▶ **Dataset excerpt**:

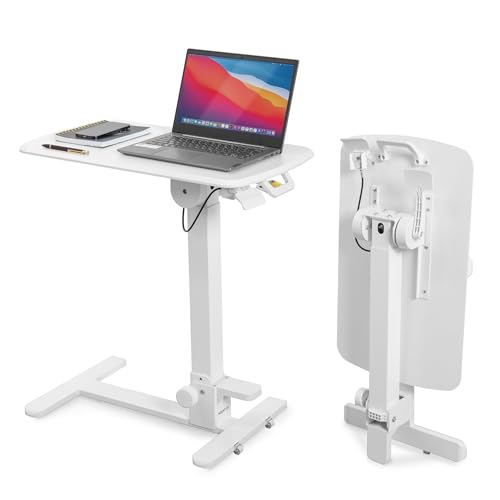 Mount-It! Foldable Overbed Table with Wheels – Height Adjustable Rolling Bedside Table, No Assembly Required, Ultra-Low Profile Base Fits Under Beds & Sofas, for Home and Hospital Use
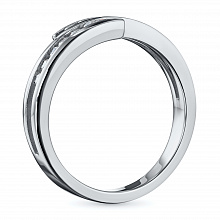 Классическое кольцо из белого золота с бриллиантами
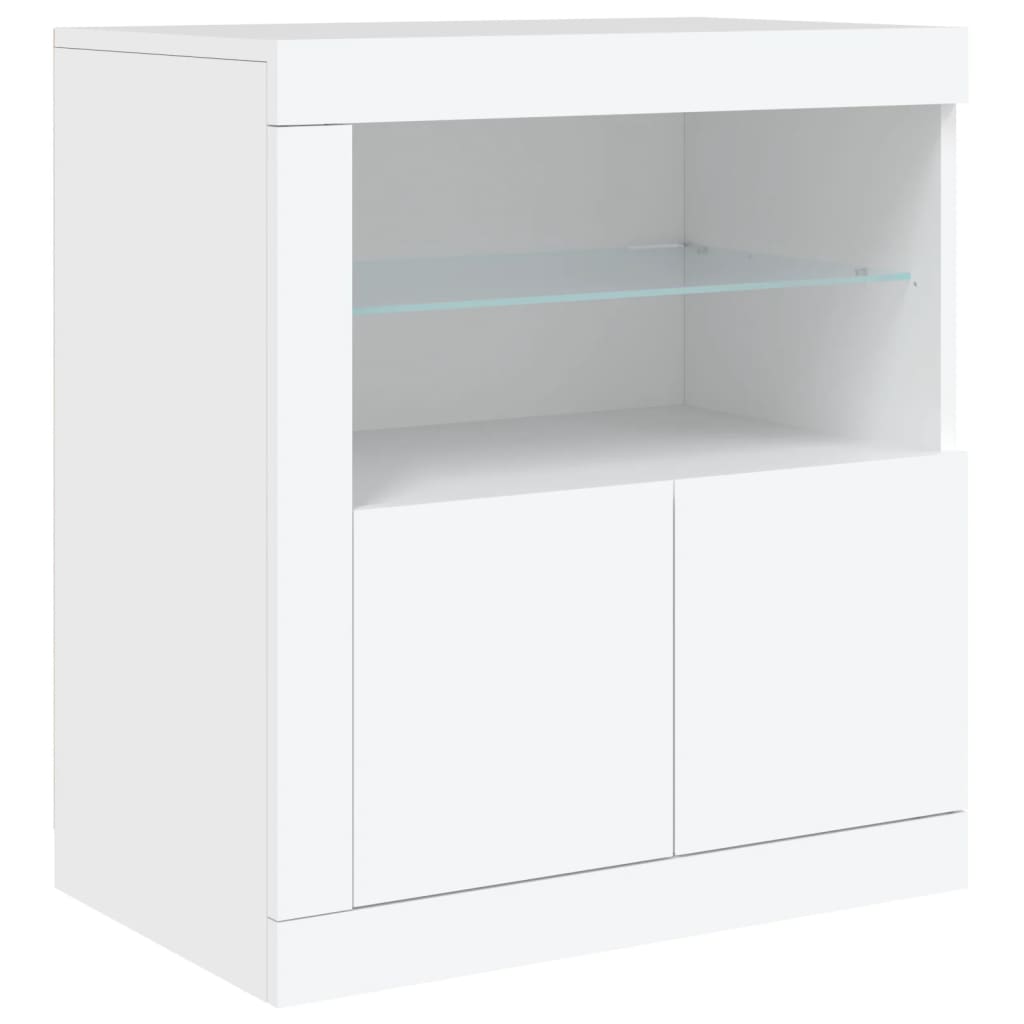 Sideboard with LED Lights White 181,5x37x67 cm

▶ **Prompt**: Only the lines from the one containing "Классическое кольцо из" through the end of the listing should be output, word for word and inclusive; keep pictures out.

▶ **Exercise answer**:
 Классическое кольцо из белого золота с бриллиантами
 Sideboard with LED Lights White 181,5x37x67 cm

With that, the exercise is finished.